Records from a data source:
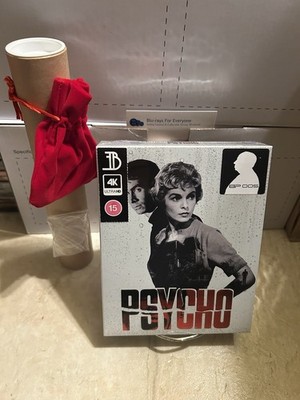 EverythingBlu #05 Psycho 4K XL Full Slip SteelBook Blu-ray w/ Poster (1960)(UK)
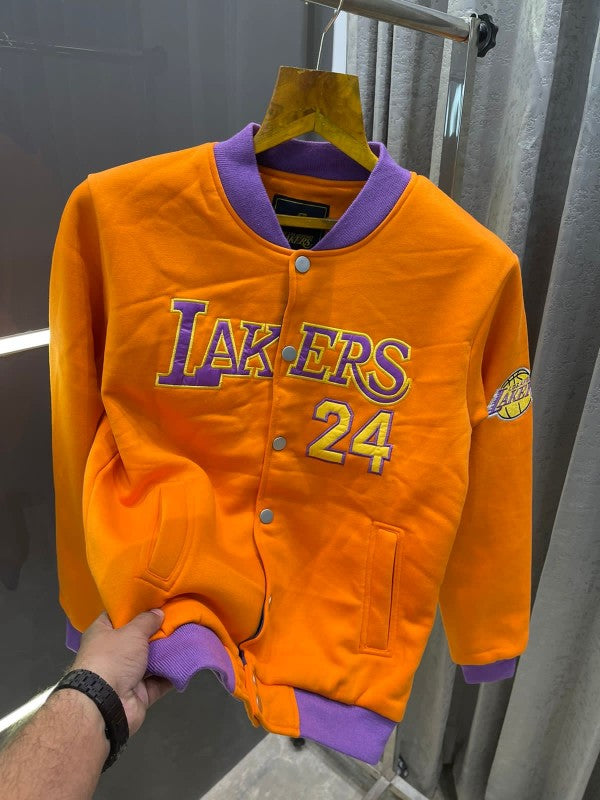 Big sale LAKERS BLACK EMBOSSED PRINT PREMIUM JACKET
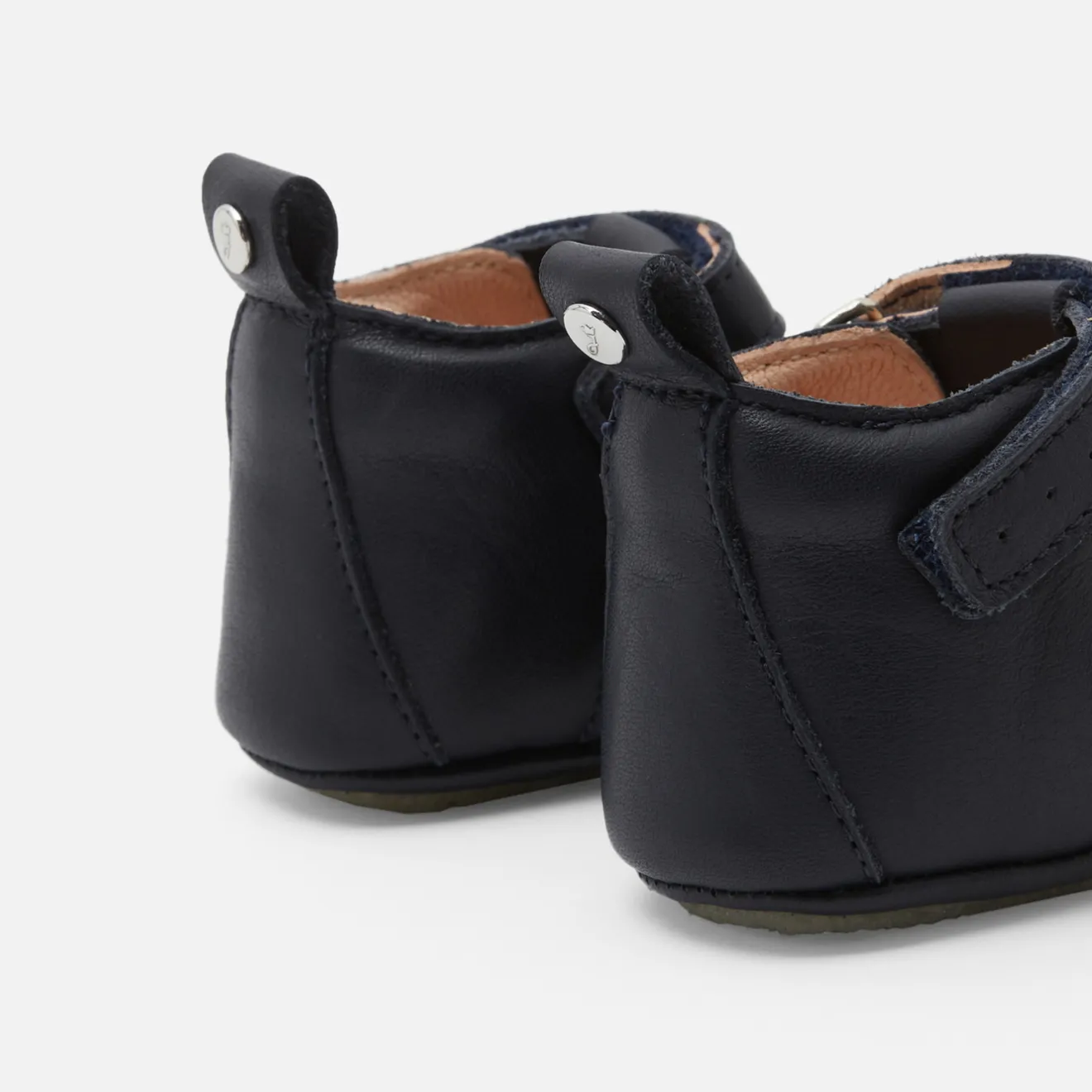 Chaussons|Chaussons-Jacadi Chaussons souples salomés bébé - marine MARINE JACADI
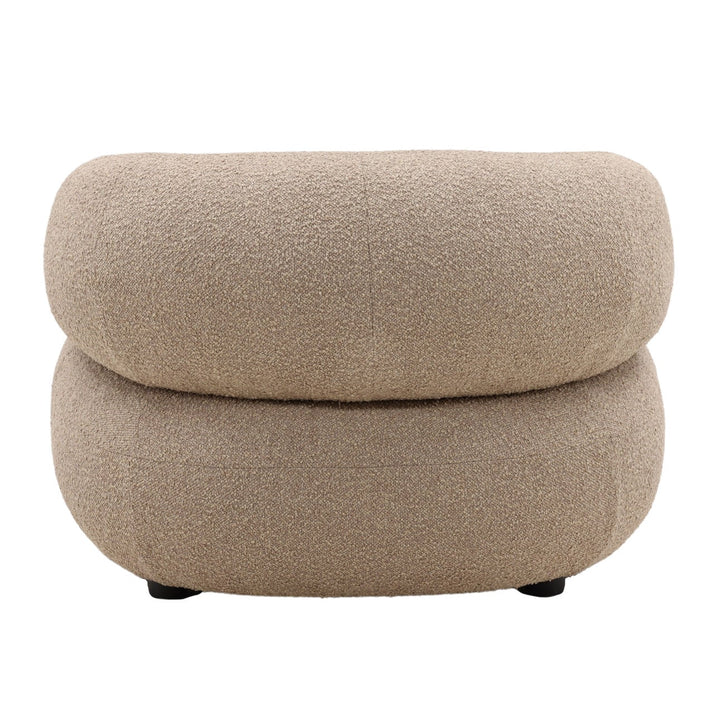 Montelle Camel Lounge Chair, back view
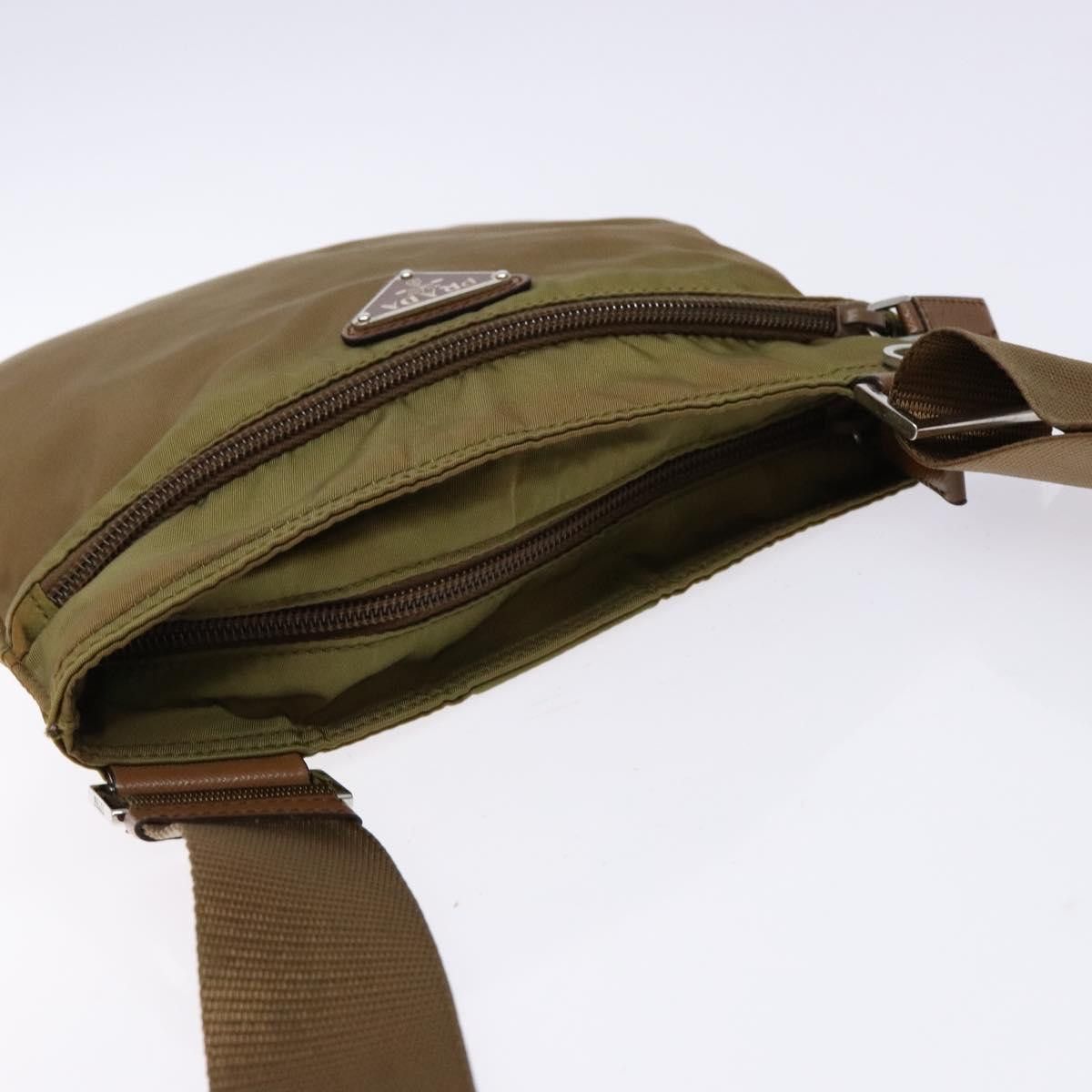 Prada PRADA Shoulder Bag Nylon Brown Silver Size ONE SIZE - 6 Thumbnail
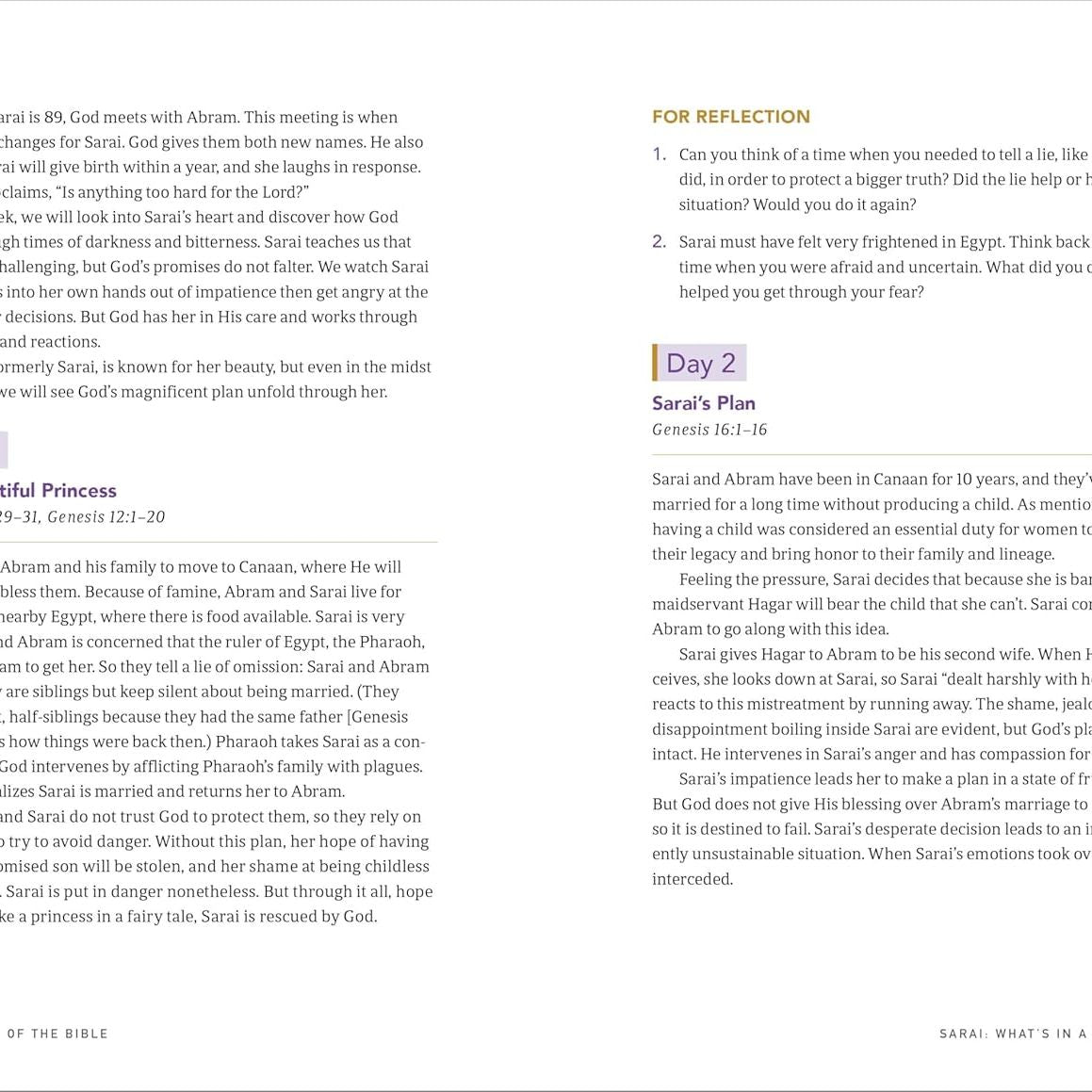 Women of the Bible, Bible Study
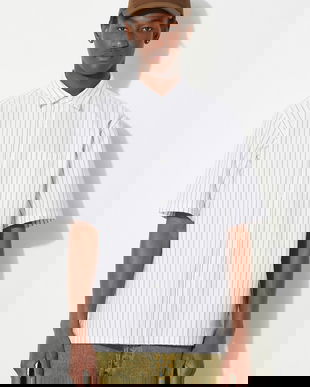 Norse Projects camasa din bumbac Ivan Relaxed Organic barbati, culoarea verde, cu guler clasic, relaxed, N40.0623.8022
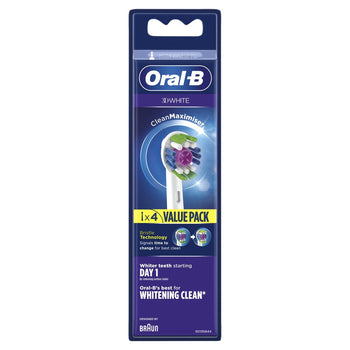 Testine per spazzolino bianco Oral-B 3D 4 per confezione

**Aim of the exercise**
The records above must be printed exactly, but the pictures they hold should be omitted.

**Answer**
 EverythingBlu #05 Psycho 4K XL Full Slip SteelBook Blu-ray w/ Poster (1960)(UK)
 Big sale LAKERS BLACK EMBOSSED PRINT PREMIUM JACKET
 Chaussons|Chaussons-Jacadi Chaussons souples salomés bébé - marine MARINE JACADI
 Montelle Camel Lounge Chair, back view
 Prada PRADA Shoulder Bag Nylon Brown Silver Size ONE SIZE - 6 Thumbnail
 Women of the Bible, Bible Study
 Norse Projects camasa din bumbac Ivan Relaxed Organic barbati, culoarea verde, cu guler clasic, relaxed, N40.0623.8022
 Testine per spazzolino bianco Oral-B 3D 4 per confezione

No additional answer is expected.